Il coming out e le mie radici cattoliche
Testimonianza di Emanuele Macca
Per quanti anni ho vissuto dentro un mondo che dava tutto per scontato, tutto ma proprio tutto! Che dovessi crescere eterosessuale, magari laurearmi e trovare un lavoro soddisfacente, e poi – essendo nato in una nazione e in una famiglia di tradizione cattolica – ripetere a memoria quello che dice il Magistero della Chiesa e continuare a scrivere versi che illustrano le bellezze e i valori che tutti gli altri hanno sempre declamato! E invece no…
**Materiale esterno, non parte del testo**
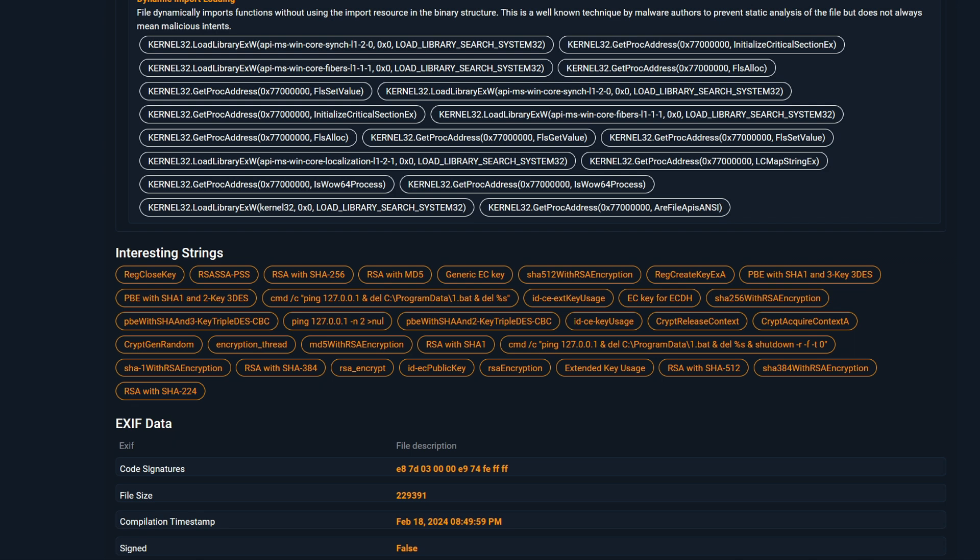One of the other interesting strings includes the command string, where the ping is called. Then, a batch file is deleted. This command will clean up the batch file on the disk to remove its trace.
Il destino mi ha “costretto” a vivere strade tortuose e “diverse”! E questo ha reso tutto più difficile, tutto remendamente difficile! Sin da piccolo scrivevo versi – come il Malandrino di paese di “branduardiana” memoria, e scrivendo riflettevo e in verità rimettevo sempre tutto in discussione.
E’ pesante e difficile ricominciare sempre tutto da capo! Ma non posso farne a meno, è più forte di me; la natura stessa mi ha fatto diverso. E col tempo sto capendo come di questa diversità possa farne un dono a me stesso e agli altri. Non so se la mia omosessualità sia la radice di questo stato di cose o se sia la conseguenza.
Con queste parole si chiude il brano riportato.